**THE DATA**
::::::

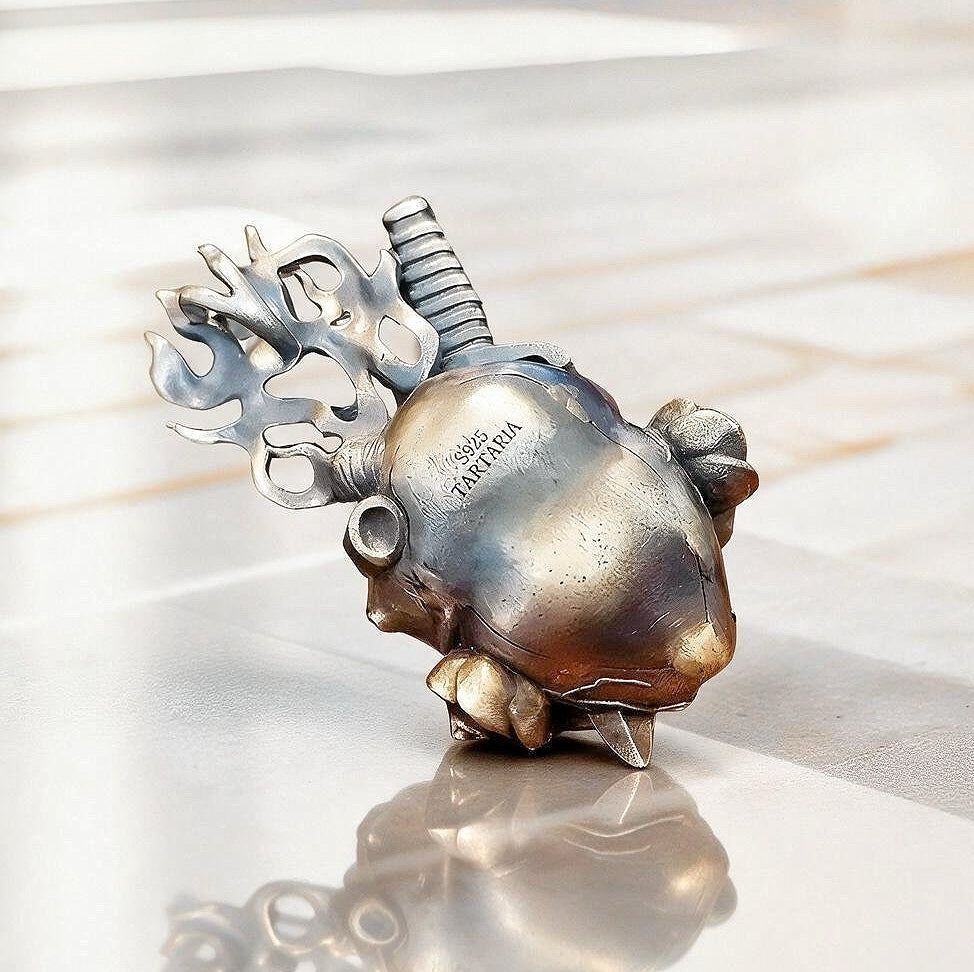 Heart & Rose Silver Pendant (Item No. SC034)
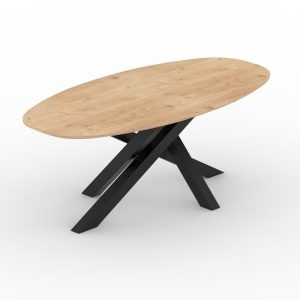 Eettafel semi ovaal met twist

::::::

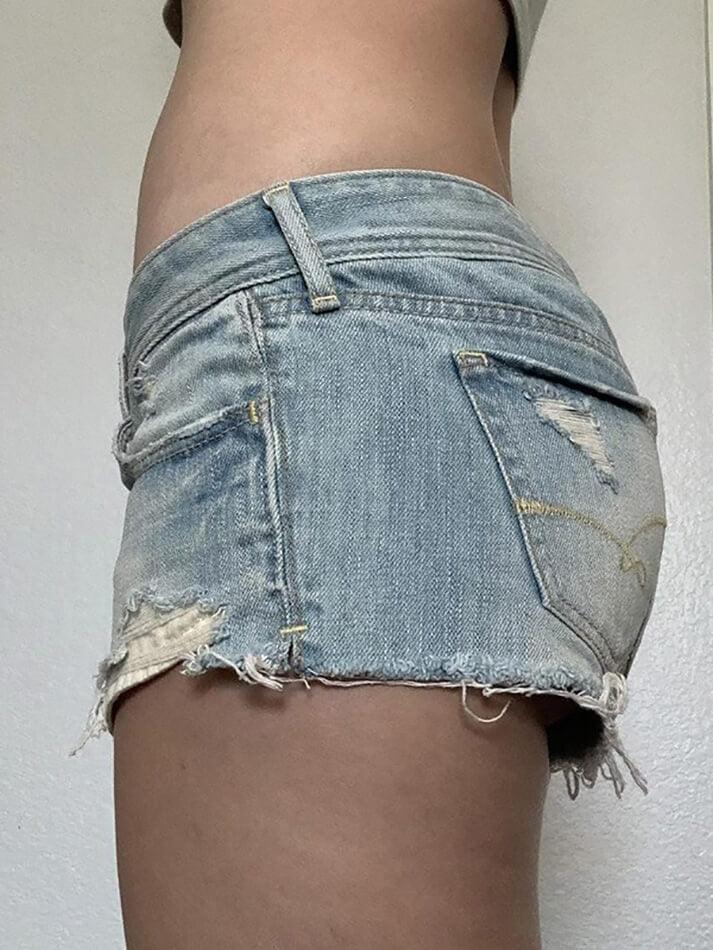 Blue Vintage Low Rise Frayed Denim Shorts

::::::

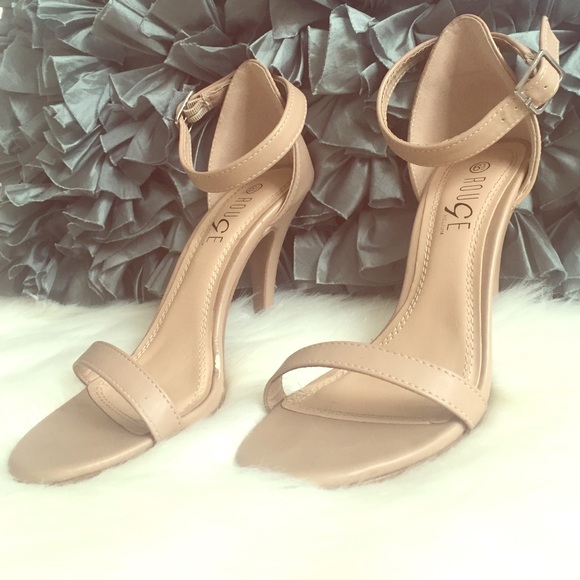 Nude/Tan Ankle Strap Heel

::::::

**TRY IT**
Copy out the lines above from the line containing "Heart & Rose Silver Pendant (Item No. SC034)" through the line containing "Eettafel semi ovaal met twist", exactly, and keep the pictures out.

**SOLUTION TO THIS PROBLEM**
 Heart & Rose Silver Pendant (Item No. SC034)
 Eettafel semi ovaal met twist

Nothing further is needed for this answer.